- What to work on
Would you give again, exactly, the lines running from the line with "Base Multiple Encastrée" to the end of the data below, both included?

- Material provided

───

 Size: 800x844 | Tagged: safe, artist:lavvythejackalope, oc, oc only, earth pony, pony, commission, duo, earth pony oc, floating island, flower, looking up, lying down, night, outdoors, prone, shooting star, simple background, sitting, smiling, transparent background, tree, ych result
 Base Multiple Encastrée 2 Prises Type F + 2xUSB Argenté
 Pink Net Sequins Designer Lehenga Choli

───

- The answer
 Base Multiple Encastrée 2 Prises Type F + 2xUSB Argenté
 Pink Net Sequins Designer Lehenga Choli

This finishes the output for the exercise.